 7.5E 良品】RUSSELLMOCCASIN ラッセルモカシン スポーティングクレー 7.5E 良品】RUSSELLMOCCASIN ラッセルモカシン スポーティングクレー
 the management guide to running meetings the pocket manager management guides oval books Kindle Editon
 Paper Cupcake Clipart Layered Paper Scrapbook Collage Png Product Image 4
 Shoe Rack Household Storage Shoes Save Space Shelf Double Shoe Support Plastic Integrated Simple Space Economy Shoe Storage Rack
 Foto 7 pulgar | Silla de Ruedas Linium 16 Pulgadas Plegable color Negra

[REQUIRED ACTION]
The material must be reproduced word for word.

[SOLUTION TO THE PROBLEM]
 7.5E 良品】RUSSELLMOCCASIN ラッセルモカシン スポーティングクレー 7.5E 良品】RUSSELLMOCCASIN ラッセルモカシン スポーティングクレー
 the management guide to running meetings the pocket manager management guides oval books Kindle Editon
 Paper Cupcake Clipart Layered Paper Scrapbook Collage Png Product Image 4
 Shoe Rack Household Storage Shoes Save Space Shelf Double Shoe Support Plastic Integrated Simple Space Economy Shoe Storage Rack
 Foto 7 pulgar | Silla de Ruedas Linium 16 Pulgadas Plegable color Negra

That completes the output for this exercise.